The veteran executive, who has worked on the company’s theme parks, experiences and consumer products for the past three decades or so, will now have the weight of the entertainment business on his shoulders.
According to people who have worked with D’Amaro, and who know him personally, he possesses two particular skills that should come in handy when he officially takes the reins next month: A sincere admiration for creativity, and a business executive’s grasp of the strategies, spreadsheets and numbers that make global companies tick.
“He has exceptionally high EQ [emotional intelligence], kind of like Bob Iger, frankly, and he loves and understands and is deeply committed to the Disney brand,” says Kevin Mayer, the Candle Media co-CEO, who worked closely with D’Amaro at Disney. “He’s also a very savvy business person, he is exceptionally quantitative in his approach to business and he really can run the numbers. He’s detailed, he has a very keen eye on the bottom line, and he’s pretty strategic too.”
“Josh always had a creative streak to him. He was someone who would make me laugh. We worked on school projects together,” says Kevin Foley, the global head of capital markets at JPMorgan, who was a childhood friend of D’Amaro. “He got along well with people and had the ability to be both a team player and leader. He connected well with everyone and people would gravitate toward him.”

Josh D’Amaro and Bob Iger at a Disneyland 70th Anniversary event
Disney
D’Amaro grew up in Medfield, Massachusetts, a short drive outside of Boston.

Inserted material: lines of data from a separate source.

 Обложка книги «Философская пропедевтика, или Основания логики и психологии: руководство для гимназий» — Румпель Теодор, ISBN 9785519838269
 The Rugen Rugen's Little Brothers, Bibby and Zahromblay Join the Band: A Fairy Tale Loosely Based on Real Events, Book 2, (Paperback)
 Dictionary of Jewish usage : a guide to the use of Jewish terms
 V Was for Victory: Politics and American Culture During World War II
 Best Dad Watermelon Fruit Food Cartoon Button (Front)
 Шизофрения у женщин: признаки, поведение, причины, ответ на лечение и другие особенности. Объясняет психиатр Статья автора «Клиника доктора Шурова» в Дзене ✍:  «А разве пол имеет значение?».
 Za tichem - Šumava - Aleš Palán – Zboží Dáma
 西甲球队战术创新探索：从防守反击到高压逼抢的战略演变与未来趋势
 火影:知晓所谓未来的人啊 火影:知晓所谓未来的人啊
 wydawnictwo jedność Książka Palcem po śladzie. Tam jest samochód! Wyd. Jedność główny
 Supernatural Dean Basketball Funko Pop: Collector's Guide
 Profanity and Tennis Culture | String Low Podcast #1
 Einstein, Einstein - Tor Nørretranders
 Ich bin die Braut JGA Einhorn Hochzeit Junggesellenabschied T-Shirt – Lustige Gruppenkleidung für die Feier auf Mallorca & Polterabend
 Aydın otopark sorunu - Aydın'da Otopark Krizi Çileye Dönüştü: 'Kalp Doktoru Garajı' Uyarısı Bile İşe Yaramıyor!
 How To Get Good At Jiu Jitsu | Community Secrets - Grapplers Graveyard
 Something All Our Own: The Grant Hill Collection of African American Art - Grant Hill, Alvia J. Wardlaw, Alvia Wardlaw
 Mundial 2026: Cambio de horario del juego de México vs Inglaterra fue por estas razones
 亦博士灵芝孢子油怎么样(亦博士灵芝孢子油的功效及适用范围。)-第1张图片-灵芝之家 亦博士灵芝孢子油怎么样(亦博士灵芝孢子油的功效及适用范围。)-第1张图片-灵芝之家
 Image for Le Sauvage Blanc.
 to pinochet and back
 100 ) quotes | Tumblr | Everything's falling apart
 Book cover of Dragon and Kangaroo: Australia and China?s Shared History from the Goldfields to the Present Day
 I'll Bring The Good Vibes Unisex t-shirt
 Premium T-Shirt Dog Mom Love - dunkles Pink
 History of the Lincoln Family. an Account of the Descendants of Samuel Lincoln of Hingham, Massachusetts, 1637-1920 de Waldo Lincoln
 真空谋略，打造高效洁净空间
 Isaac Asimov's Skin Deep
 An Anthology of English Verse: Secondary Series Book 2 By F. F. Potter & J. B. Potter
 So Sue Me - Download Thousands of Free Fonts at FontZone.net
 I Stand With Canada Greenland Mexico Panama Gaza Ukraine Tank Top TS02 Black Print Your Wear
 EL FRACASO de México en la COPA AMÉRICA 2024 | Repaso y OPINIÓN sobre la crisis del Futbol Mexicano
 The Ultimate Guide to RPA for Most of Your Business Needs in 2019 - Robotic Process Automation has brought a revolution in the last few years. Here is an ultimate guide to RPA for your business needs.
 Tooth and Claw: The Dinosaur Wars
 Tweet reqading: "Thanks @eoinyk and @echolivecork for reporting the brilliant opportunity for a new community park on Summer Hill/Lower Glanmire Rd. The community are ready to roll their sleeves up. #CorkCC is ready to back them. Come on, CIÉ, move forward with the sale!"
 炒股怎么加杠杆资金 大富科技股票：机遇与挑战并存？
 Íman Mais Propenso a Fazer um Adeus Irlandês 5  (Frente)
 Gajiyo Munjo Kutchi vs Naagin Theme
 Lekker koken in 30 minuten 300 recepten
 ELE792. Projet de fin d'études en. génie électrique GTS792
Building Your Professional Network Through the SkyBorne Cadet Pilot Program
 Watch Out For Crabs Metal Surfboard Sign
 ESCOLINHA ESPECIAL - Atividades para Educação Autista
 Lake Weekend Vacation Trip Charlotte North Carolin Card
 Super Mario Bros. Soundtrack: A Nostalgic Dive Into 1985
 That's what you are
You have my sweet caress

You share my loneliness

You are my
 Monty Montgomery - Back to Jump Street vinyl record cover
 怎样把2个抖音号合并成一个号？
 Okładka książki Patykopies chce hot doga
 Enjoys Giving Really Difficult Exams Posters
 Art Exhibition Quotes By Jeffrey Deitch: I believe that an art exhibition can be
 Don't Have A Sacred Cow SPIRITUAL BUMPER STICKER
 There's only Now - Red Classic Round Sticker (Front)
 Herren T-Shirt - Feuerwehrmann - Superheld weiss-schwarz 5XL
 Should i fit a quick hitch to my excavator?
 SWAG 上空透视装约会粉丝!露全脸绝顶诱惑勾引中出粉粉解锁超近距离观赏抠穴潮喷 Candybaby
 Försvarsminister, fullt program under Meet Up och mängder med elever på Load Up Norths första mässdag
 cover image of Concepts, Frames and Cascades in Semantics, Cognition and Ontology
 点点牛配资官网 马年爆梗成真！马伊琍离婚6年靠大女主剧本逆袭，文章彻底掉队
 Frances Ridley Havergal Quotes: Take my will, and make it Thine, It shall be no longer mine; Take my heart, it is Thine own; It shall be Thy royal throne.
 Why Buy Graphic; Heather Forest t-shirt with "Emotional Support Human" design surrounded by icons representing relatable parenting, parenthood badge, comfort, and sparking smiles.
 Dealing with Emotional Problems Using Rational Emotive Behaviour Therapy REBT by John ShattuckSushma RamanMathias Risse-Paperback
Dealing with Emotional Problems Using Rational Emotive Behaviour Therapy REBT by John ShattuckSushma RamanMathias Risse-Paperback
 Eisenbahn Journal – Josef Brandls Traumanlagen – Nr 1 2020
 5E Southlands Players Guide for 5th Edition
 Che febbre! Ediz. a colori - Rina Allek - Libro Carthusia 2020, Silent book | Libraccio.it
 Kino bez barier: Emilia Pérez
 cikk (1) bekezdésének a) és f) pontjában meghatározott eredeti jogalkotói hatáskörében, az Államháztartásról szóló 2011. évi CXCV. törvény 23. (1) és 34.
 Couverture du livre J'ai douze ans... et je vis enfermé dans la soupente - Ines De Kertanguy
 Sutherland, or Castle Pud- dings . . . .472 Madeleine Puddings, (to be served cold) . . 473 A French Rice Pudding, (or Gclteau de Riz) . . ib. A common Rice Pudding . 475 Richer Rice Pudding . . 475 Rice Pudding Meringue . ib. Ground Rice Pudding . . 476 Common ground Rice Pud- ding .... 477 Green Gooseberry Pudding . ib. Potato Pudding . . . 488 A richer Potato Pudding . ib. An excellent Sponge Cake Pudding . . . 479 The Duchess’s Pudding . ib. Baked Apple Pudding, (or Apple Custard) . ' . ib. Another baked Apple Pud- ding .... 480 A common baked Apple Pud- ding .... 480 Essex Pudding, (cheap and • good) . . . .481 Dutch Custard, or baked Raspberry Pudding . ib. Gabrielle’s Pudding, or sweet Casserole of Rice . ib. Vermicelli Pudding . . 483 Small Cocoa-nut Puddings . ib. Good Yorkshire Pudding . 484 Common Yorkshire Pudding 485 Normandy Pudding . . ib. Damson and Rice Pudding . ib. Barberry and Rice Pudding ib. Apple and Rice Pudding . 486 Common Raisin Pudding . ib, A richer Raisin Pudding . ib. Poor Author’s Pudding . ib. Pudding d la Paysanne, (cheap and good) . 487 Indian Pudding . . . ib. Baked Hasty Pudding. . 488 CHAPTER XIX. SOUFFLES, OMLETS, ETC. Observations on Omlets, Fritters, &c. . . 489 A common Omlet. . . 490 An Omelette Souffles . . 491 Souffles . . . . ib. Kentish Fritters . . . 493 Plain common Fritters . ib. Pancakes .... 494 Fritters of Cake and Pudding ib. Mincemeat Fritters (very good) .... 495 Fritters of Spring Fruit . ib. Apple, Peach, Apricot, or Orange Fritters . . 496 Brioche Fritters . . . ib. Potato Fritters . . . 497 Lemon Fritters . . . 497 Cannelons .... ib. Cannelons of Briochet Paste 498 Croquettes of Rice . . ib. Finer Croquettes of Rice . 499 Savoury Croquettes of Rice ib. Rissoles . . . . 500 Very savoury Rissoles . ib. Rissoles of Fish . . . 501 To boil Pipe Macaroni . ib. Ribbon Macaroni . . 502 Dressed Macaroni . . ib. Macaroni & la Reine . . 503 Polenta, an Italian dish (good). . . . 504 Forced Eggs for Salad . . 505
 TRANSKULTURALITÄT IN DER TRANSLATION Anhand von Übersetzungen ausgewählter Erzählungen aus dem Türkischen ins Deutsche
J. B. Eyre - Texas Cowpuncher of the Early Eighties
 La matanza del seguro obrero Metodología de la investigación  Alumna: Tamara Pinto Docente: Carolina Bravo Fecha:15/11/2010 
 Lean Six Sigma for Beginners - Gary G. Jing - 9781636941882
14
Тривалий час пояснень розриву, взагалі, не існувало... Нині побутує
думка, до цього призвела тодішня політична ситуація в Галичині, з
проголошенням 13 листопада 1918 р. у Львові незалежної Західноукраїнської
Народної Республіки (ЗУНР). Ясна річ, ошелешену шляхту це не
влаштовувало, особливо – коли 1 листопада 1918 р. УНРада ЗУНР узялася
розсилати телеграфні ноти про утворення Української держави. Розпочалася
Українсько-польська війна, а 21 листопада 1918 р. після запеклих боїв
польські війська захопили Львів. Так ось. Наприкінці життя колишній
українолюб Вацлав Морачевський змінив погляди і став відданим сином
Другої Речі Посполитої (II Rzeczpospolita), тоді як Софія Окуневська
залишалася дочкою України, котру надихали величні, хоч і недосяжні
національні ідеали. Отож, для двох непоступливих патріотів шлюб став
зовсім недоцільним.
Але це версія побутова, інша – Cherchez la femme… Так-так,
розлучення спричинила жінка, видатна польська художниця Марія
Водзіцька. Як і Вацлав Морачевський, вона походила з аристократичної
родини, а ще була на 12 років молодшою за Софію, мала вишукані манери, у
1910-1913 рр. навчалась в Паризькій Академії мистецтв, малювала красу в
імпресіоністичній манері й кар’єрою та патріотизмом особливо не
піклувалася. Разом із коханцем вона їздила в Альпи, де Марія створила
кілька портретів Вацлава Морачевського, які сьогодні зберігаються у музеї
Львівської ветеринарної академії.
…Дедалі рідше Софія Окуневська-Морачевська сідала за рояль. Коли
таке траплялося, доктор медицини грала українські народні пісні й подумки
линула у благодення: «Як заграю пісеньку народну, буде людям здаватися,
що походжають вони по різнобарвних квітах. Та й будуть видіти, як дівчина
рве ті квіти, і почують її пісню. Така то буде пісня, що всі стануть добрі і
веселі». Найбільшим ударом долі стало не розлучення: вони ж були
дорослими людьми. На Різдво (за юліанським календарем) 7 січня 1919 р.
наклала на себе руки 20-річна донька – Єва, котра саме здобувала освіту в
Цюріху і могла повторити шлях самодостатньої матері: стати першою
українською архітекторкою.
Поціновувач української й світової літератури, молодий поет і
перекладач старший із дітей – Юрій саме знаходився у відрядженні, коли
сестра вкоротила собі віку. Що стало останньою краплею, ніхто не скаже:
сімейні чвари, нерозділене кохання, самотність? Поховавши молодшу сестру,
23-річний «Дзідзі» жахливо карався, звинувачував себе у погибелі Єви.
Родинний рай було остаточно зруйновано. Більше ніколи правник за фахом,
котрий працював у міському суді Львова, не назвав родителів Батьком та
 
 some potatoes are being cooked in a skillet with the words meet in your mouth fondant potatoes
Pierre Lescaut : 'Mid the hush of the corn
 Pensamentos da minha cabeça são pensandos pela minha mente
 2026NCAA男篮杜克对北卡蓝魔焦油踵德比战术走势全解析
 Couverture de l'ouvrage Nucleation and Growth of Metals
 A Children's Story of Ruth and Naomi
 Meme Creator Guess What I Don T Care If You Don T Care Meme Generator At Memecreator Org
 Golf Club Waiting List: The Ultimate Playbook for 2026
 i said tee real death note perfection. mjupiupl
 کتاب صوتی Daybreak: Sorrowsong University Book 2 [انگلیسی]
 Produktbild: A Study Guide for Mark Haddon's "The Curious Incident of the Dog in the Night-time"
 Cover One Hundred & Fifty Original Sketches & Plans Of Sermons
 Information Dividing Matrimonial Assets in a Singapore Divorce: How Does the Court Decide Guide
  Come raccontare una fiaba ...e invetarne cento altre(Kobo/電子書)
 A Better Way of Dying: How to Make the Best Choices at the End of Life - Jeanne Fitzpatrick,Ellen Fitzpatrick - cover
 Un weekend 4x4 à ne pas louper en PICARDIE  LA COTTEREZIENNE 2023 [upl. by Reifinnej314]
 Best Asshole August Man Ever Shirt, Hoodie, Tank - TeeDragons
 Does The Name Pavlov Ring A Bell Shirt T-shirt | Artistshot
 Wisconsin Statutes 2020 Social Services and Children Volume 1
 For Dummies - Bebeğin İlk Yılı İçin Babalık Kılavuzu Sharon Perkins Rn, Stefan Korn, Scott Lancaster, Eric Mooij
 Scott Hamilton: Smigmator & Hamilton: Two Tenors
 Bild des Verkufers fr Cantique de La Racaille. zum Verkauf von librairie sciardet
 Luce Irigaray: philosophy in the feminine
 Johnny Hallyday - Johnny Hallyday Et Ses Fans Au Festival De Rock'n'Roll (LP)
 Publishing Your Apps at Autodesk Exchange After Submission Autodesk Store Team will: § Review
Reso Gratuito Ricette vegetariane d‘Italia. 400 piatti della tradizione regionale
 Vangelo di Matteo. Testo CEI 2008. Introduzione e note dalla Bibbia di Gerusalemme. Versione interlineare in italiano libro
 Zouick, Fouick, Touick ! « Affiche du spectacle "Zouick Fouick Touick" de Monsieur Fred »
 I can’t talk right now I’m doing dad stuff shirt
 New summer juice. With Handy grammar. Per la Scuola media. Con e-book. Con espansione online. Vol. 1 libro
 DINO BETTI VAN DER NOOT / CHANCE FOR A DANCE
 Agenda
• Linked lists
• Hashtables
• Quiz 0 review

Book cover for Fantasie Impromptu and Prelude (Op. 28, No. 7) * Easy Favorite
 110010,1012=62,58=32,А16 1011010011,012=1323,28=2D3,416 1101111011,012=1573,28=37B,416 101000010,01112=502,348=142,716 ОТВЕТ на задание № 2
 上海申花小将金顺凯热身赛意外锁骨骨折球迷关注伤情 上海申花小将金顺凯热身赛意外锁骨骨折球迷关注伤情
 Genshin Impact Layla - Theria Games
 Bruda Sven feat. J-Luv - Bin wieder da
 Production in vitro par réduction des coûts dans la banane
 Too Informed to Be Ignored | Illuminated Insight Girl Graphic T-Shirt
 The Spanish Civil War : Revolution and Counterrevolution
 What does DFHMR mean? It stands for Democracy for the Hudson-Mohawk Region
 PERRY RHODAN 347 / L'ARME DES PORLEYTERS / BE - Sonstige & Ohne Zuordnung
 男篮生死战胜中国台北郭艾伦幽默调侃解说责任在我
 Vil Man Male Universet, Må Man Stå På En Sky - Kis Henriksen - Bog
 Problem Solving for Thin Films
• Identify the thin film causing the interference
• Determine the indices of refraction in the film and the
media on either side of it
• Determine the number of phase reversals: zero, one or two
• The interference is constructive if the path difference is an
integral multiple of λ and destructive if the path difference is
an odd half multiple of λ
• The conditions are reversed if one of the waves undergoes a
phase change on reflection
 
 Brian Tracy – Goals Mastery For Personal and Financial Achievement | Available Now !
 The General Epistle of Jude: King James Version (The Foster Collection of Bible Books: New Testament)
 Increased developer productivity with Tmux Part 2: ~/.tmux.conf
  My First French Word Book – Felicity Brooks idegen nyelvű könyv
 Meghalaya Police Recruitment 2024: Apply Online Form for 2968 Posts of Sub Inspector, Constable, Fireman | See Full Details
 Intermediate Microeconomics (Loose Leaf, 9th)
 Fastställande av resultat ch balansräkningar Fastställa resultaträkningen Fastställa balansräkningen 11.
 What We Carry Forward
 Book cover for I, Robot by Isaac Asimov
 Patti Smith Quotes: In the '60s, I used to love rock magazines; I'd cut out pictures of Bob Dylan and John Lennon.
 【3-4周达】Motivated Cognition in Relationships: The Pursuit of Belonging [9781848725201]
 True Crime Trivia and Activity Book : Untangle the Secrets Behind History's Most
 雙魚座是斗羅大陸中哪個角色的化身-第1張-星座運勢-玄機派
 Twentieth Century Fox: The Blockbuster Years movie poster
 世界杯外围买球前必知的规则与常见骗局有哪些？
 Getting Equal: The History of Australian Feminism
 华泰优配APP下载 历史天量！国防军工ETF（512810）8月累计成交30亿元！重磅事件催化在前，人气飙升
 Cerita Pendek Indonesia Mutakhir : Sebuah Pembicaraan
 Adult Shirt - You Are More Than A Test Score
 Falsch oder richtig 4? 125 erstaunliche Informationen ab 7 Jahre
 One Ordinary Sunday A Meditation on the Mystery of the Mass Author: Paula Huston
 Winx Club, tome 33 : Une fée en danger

An avid athlete, he grew up playing basketball and soccer (his dad coached the teams). “It’s a small town, a tight knit community and very value oriented, with a focus on doing the right thing and working hard,” Foley recalls. “We were taught to take our academics seriously, treat people respectfully and good things would happen.”
He now lives in Orange County with his wife and kids, though Disney noted in an SEC filing that he is eligible for a relocation benefit, which suggests he could end up moving closer to the company’s Burbank headquarters. For the next fiscal year, D’Amaro is set to receive a pay package of about $38 million.
A graduate of Georgetown University, he started his professional career in Boston as a financial analyst for Gillette, before joining Disneyland in a strategy role in 1998. Over the next three decades he would rise through the ranks, at Disneyland, Hong Kong Disneyland and Walt Disney World, ultimately taking over Disney’s experiences division in May of 2020, a few months after Bob Chapek was named CEO of the company.
Disney, however, is still grappling with the fallout of that succession process, and there is little doubt that it heavily influenced how Disney approached this one.
Chapek, like D’Amaro, was the leader of Disney’s experiences business before being elevated to succeed CEO Bob Iger. Iger, of course, stuck around as executive chairman, taking a hands-on role with the company’s creative output.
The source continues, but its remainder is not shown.